Task directions: Lines in which "Factory" appears should be pulled from the data below.

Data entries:
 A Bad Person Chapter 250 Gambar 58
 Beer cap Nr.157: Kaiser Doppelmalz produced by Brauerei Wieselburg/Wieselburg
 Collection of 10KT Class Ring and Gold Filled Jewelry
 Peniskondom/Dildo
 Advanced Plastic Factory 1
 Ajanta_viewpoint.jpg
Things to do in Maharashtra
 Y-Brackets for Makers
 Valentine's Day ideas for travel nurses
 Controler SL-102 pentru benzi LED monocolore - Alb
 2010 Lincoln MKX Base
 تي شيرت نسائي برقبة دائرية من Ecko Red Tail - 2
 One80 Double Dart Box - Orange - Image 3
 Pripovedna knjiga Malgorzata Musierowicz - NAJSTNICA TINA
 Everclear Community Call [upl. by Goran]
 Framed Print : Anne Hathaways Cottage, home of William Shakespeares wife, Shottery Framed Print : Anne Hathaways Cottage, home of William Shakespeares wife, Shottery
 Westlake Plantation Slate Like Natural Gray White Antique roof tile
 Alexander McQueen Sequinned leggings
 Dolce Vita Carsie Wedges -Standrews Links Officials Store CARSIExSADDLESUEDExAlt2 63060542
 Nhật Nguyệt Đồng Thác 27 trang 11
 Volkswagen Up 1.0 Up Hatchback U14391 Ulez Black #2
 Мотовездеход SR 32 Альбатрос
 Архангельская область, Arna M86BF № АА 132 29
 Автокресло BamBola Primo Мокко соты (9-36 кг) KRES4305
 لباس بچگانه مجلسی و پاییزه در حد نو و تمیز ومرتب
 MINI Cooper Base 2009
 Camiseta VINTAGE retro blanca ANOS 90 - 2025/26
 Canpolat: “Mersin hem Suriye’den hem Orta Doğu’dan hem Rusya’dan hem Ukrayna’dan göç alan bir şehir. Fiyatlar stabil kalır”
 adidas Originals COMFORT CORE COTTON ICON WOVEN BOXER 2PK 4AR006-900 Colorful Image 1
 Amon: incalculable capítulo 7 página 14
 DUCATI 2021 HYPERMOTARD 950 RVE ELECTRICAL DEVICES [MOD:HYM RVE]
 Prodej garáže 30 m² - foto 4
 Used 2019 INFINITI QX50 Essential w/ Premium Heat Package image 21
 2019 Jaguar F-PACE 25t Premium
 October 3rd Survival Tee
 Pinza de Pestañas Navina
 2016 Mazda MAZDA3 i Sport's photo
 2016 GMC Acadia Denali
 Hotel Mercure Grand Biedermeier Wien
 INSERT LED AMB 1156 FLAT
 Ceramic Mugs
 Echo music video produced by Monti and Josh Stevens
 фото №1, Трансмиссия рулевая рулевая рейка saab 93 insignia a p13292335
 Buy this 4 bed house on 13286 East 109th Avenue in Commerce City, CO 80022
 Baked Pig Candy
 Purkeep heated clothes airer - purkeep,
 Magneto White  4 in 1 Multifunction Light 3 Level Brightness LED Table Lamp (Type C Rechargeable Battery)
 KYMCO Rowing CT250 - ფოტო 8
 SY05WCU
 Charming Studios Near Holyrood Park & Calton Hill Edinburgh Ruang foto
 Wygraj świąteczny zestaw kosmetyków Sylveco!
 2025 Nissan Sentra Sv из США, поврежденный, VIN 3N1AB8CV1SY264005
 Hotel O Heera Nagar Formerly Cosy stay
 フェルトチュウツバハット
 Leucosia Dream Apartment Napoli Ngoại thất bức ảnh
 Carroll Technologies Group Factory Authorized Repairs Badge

Solution to this task:
 Advanced Plastic Factory 1
 Carroll Technologies Group Factory Authorized Repairs Badge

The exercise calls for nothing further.